原子力委員会の意見をお聞きしたい。

○職 業   :学生

○年 齢   :20歳以下

○性 別   :女性

○御質問の内容:

 はじめまして。姫路工業大学環境人間学部2回生・廣岡千春と申します。
 突然なのですが、「原子力の研究、開発及び利用に関する長期計画」について、国際環境保護団体Greenpeace Japanは「六ヶ所から日本各地へ世界へ放射能汚染を始めるのですか」という言葉を掲げ、「再処理工場は原発とは比較にならないくらいほど大量の放射能を日常的に環境中に放出する」ということを言っています。
 確かに、再処理工場は使用済み燃料をリサイクルするということで、もし事故が起こった場合、原発の事故よりも大変な被害になるように思います。
 しかし、Greenpeace Japanが言っているように、再処理工場は大量の放射能を“日常的”に環境中に放出するシステムになっているのでしょうか?
 私としては放射能の出さないようにするために使用済み燃料のリサイクルをするのに“日常的”に放射能を放出するようなことはあってはいけないと思います。
 原子力委員会の意見をお聞かせ下さい。

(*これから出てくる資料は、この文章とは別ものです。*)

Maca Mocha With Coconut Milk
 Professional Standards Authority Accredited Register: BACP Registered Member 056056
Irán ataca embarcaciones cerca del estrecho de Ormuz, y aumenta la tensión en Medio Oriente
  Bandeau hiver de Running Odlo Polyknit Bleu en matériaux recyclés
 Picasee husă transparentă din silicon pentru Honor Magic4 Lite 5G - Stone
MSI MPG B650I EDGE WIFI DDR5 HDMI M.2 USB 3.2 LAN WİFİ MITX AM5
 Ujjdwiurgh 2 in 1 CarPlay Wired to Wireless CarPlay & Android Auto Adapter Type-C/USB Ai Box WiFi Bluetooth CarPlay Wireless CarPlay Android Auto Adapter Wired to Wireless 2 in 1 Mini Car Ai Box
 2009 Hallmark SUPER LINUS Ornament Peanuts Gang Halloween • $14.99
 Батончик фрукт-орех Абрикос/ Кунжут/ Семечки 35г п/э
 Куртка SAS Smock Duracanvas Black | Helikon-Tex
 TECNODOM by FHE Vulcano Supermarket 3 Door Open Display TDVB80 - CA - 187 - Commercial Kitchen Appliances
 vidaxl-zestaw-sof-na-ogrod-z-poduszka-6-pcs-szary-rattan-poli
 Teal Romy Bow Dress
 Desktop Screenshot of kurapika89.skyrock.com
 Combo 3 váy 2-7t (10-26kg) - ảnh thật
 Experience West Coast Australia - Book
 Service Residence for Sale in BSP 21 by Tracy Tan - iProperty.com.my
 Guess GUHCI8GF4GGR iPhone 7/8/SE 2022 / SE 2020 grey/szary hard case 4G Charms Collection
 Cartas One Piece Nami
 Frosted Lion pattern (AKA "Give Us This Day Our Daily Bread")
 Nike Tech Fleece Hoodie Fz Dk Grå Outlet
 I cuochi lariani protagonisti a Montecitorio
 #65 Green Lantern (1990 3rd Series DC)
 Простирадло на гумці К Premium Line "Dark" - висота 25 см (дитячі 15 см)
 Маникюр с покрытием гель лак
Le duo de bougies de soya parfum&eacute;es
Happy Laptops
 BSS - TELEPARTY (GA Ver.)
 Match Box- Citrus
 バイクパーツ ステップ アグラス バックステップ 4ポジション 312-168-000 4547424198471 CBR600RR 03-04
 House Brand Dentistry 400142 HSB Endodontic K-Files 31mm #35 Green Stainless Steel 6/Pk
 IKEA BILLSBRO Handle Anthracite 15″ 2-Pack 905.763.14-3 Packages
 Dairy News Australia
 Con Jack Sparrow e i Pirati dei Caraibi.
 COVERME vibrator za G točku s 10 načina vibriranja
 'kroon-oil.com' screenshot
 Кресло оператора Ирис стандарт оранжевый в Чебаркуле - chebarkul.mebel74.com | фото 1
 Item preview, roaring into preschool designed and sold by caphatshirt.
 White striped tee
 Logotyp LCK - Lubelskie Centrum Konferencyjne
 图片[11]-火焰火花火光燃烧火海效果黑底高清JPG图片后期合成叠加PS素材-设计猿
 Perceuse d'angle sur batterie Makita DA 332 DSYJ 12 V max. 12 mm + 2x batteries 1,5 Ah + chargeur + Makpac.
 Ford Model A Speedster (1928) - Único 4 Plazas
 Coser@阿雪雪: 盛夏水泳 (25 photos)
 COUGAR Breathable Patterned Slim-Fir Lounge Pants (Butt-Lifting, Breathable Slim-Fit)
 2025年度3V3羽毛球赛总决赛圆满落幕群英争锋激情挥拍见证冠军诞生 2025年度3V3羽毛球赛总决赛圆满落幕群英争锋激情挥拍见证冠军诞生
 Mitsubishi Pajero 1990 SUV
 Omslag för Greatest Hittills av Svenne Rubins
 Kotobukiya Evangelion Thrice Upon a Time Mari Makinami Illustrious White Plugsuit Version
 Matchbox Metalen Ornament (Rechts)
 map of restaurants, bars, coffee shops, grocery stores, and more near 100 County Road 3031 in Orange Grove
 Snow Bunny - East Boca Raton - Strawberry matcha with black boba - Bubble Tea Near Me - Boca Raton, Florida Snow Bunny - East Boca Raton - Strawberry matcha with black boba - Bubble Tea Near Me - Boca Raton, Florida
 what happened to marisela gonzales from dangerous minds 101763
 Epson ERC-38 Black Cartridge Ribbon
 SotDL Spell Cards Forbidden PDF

よろしくお願いします。


○回答: 

 私たちは日常の生活において宇宙線や地中に存在する放射性物質から放射線を受けています。これによる被ばく線量は、年間約2.4 ミリシーベルト(世界平均)です。一方、原子力施設周辺の人々に影響を与えないために法令で定められている原子力施設周辺公衆の年間の被ばく線量の限度は1 ミリシーベルトです。
 六ヶ所再処理工場が運転を開始すれば、原子力発電所と同様に放射性物質が環境中に放出されることになりますが、この放出による年間の被ばく線量は、上で述べた、法令で定められている周辺公衆の年間の被ばく線量の限度を十分下回る値であることが安全評価で確認されています。
 六ヶ所再処理工場の再処理事業許可申請書によりますと、大気中に放出する放射性物質は、放出する前にフィルターなどを通してできる限り取り除かれ、安全を確認しながら、大気中で十分に広がり薄まる効果が見込める高さ150 m(約30階建てのビルに相当)の排気筒から放出されます。大気中へ放出される放射性物質はクリプトン85やトリチウムなどで、これらから再処理工場の周辺公衆の受ける線量については、それぞれの物質の特徴を考慮しながら、環境を経て人々が放射線を受ける道筋(被ばく経路)ごとに被ばく線量を評価し、合計で年間0.019ミリシーベルトと評価されています。これに海洋へ放出する放射性物質から受ける線量を加え、年間で0.022ミリシーベルトと評価されています。この値は、最初に述べた、天然に存在する放射線により私たちが1年間に受ける線量の約100分の1です。